One eyewitness tells of a hot new black Bart T-shirt on the streets of New York City: South African leader Nelson Mandela is standing over Bart, who’s saying, “He’s my hero.” … The only street phenomenon similar to this, in recent memory, was the bootleg, Afro-Americanized Mickey and Minnie Mouse T-shirts of a few years ago (“Yo baby, yo baby, yo ... ”). But that was peanuts compared with the unmitigated appropriation of Bart Simpson. [12] (figure 2)
The speed with which acts of appropriation spread is indicative of its potency as political speech, which in this case addresses prevailing inequities in representation (the whiteness of cultural products, and the absence of people of color within mass media), and moreover, such counterfeiting operations are able to outflank most attempts at quelling it both by the dynamic speed with which they act, as well as the dispersion of the counterfeit products across a large field of small scale producers. Twentieth Century Fox, holder of the Simpsons trademark, had to accept that they could not shut down the illegal usage of their brand; as the Simpsons’ creator Matt Groening described, “There have been busts all over the country.”[13] Twentieth Century Fox could only demonstrate attempts to preserve their property rights in the eye of the law, and wait out the trend.
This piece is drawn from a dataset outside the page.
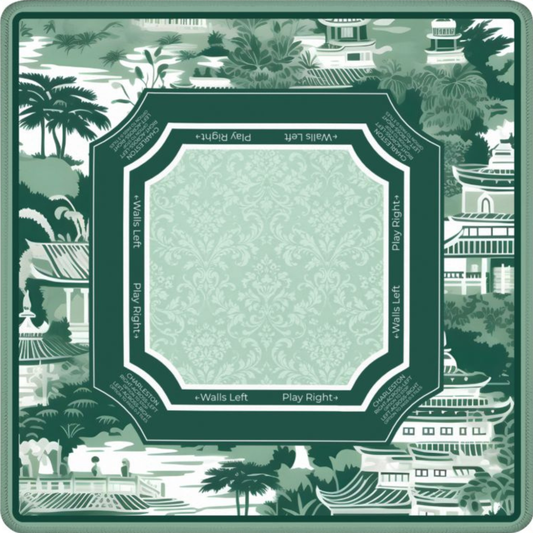 Jade Pagoda Chinoiserie Mahjong Mat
Still, the lost revenue represented by the bootleg T-shirt sales they did not profit from (and this is debatable, since Fox never produced any “Black Bart” T-shirts nor planned to do so) is far outpaced by the increased value, currency, and viewership the brand acquired through the widespread improvised use of their trademark.
In the late twentieth century, the international trade in counterfeits exploded as enforcement reached its apex with the tide of globalization, that is, as common markets and offshore production reached new heights due to the myriad technological and infrastructural improvements that gave firms access to new consumers and cheap labor on distant shores. Like all emergent logics, the counterfeit trade is considered parasitical from the perspective of dominant power centers, a deformation or contamination of commerce. Yet, the counterfeit economy is a glimpse of a world in its becoming, the harbinger of a new balance of power and the emergence of a radical capitalism from the ground up, a vibrant market of competing micro-producers realized on a scale that grows in proportion to expansions of global trade and hegemonic corporate interests. It develops in direct opposition to the state-sponsored oligopolistic corporatism which is all but ubiquitous in the contemporary world.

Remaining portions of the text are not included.